● TASK PROMPT
Only one stretch of the data below should be repeated: the lines from the line containing "Шар (37''/94 см)" through the line containing "超美品　正絹　赤　ピンク　十", inclusive, exactly as they are.

___ INFORMATION PROVIDED ___

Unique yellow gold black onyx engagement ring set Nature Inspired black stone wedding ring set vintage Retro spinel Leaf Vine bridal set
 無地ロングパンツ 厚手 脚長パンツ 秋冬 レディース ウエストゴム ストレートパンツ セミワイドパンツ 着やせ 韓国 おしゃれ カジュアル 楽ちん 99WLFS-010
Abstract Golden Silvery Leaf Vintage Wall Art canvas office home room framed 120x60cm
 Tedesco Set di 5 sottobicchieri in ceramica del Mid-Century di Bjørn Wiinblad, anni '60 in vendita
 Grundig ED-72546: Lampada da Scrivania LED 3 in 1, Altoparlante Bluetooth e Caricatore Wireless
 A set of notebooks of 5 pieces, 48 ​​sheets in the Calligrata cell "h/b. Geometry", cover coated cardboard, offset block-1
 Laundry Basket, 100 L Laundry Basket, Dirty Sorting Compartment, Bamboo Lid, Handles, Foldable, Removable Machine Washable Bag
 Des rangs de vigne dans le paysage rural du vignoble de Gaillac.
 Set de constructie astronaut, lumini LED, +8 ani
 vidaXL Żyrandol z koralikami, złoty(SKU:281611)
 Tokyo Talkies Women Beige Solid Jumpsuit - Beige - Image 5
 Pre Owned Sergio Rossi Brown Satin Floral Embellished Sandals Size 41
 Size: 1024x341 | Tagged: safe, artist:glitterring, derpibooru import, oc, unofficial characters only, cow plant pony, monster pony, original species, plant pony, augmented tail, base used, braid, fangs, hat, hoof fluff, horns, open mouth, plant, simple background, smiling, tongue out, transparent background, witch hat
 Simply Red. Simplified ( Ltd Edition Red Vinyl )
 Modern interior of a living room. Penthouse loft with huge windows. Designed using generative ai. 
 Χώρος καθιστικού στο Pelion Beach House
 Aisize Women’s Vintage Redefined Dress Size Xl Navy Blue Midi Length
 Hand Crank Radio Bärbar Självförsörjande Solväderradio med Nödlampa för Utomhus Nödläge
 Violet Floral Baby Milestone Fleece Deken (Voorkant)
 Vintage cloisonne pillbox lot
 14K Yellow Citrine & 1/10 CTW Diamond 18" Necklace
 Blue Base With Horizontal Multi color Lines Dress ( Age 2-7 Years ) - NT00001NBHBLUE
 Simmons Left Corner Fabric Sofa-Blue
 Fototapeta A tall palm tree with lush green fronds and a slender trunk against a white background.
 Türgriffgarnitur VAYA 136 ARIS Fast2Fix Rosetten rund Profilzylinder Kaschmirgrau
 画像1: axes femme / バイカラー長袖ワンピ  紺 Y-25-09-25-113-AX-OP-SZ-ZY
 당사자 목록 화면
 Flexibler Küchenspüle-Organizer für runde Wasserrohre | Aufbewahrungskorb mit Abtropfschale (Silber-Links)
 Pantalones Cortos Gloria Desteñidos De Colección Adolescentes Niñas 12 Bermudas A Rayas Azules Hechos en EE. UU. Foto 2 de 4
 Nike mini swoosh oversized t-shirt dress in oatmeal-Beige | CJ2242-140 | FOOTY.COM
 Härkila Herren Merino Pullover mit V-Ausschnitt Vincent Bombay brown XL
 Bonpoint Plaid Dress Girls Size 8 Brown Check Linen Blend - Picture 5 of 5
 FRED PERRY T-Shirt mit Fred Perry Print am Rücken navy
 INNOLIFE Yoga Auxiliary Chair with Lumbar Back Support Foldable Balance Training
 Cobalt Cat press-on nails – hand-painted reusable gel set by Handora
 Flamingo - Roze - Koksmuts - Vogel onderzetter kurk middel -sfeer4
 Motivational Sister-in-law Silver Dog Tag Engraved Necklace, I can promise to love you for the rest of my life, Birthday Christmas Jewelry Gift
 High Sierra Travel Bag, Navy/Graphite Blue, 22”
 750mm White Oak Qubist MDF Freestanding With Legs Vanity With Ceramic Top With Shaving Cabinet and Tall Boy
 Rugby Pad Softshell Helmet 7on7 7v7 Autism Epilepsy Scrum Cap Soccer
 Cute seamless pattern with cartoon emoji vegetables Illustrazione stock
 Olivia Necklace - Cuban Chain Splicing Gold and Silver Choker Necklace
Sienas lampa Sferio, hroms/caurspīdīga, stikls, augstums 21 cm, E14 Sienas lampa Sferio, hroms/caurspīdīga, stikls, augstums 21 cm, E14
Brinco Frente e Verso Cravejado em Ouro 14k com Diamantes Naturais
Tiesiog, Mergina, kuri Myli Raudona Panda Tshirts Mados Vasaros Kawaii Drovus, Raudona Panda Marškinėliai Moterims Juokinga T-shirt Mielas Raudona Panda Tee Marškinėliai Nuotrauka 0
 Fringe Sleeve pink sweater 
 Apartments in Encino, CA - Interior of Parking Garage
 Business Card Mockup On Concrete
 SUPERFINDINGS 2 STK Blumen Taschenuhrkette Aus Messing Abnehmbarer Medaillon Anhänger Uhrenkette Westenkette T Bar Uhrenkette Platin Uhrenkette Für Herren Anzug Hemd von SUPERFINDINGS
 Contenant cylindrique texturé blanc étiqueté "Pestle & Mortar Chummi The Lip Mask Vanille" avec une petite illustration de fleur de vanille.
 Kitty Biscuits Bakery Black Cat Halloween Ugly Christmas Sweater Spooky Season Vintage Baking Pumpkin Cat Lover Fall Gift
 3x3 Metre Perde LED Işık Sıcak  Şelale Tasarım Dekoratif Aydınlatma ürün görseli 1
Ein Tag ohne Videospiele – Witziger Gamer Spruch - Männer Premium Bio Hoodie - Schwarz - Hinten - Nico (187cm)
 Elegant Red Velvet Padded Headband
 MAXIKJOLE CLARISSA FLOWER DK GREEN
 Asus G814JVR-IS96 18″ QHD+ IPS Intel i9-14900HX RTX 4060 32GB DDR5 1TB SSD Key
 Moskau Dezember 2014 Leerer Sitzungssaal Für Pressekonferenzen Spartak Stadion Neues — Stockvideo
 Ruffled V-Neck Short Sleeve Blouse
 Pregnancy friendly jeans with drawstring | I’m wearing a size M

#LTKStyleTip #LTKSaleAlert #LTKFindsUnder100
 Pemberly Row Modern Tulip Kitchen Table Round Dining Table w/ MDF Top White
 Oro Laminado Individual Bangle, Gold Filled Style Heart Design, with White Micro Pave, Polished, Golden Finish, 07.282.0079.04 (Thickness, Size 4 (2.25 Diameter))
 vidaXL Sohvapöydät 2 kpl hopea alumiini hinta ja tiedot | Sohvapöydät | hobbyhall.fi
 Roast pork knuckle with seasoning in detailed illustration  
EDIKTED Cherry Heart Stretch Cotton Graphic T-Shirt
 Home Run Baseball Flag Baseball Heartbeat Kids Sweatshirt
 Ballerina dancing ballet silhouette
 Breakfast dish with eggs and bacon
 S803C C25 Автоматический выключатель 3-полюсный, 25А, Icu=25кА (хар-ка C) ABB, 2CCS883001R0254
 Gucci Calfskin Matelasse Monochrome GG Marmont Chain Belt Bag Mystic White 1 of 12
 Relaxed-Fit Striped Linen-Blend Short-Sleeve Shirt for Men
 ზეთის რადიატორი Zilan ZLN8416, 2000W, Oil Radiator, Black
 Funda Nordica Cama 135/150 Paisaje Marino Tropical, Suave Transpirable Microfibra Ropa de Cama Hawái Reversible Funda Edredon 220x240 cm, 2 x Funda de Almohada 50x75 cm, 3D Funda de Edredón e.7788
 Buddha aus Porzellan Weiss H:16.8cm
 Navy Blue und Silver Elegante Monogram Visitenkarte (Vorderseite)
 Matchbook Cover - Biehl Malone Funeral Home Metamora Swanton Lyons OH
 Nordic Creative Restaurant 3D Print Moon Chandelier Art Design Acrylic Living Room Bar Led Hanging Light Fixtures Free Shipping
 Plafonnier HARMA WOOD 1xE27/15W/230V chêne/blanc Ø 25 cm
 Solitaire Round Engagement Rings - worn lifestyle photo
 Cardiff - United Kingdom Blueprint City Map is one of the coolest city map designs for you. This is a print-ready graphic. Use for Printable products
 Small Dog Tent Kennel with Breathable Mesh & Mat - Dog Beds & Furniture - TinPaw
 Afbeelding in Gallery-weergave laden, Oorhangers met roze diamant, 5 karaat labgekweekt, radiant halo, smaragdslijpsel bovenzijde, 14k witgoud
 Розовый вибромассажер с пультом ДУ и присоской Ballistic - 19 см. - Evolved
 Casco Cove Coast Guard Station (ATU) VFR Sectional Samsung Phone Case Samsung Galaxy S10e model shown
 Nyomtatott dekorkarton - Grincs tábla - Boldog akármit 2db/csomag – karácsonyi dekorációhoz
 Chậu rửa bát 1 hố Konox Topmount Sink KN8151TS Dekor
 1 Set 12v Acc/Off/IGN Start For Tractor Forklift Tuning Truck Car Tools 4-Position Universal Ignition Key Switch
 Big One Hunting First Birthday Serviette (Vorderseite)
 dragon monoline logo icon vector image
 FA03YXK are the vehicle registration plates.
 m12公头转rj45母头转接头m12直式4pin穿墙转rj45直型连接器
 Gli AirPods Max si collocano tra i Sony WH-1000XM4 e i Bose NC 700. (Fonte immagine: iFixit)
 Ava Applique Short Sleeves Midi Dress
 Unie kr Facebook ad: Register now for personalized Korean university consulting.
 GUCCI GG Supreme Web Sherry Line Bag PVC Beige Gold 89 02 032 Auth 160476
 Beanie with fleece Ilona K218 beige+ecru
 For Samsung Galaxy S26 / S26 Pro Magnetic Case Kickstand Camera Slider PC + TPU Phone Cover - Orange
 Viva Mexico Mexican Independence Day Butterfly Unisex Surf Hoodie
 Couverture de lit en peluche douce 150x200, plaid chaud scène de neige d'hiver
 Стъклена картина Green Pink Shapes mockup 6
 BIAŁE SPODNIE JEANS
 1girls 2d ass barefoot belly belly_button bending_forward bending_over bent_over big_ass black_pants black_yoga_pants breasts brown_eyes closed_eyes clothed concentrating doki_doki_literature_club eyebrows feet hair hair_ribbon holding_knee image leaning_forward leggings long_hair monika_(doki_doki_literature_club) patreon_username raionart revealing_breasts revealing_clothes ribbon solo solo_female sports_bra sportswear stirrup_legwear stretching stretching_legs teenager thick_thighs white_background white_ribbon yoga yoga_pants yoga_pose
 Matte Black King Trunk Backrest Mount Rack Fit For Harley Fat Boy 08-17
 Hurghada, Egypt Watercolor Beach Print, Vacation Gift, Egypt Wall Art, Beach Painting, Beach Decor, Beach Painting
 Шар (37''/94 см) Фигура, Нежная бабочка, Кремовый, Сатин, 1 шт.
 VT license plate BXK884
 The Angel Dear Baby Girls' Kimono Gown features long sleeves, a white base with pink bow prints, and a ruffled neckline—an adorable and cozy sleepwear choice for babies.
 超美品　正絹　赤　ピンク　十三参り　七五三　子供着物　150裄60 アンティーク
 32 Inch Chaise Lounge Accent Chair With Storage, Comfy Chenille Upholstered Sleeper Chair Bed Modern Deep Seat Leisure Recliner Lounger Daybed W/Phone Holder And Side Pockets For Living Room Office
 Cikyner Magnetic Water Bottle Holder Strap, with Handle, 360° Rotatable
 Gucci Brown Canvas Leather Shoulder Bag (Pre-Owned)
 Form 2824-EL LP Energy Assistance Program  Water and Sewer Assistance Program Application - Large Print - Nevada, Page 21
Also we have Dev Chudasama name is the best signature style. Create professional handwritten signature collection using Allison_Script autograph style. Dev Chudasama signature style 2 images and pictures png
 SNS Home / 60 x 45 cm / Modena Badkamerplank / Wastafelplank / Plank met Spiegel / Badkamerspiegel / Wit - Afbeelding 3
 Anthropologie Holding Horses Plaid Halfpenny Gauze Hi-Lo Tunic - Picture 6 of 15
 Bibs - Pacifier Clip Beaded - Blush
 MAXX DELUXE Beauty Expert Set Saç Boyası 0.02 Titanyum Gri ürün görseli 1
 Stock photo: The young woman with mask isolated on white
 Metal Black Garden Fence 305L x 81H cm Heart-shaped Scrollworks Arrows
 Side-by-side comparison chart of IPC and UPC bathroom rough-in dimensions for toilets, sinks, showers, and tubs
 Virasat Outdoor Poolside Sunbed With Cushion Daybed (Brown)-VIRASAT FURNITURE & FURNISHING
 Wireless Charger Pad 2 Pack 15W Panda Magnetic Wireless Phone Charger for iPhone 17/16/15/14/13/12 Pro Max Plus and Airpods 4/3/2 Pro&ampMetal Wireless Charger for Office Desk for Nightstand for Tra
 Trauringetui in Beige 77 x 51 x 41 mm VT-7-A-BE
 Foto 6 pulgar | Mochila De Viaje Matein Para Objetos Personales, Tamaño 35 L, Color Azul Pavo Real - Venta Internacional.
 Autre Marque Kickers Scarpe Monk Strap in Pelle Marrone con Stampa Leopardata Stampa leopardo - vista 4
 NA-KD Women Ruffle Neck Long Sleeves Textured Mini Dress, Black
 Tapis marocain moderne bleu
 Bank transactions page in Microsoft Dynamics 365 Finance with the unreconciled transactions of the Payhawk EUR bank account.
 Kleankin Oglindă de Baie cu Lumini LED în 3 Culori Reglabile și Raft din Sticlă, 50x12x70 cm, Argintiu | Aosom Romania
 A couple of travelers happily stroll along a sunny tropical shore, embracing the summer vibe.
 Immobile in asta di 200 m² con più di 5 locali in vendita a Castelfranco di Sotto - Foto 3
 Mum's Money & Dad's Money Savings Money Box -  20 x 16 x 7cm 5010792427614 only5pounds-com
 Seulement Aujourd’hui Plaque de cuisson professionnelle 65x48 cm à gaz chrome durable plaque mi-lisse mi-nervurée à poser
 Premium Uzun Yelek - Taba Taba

___

● ANSWER BELOW
 Шар (37''/94 см) Фигура, Нежная бабочка, Кремовый, Сатин, 1 шт.
 VT license plate BXK884
 The Angel Dear Baby Girls' Kimono Gown features long sleeves, a white base with pink bow prints, and a ruffled neckline—an adorable and cozy sleepwear choice for babies.
 超美品　正絹　赤　ピンク　十三参り　七五三　子供着物　150裄60 アンティーク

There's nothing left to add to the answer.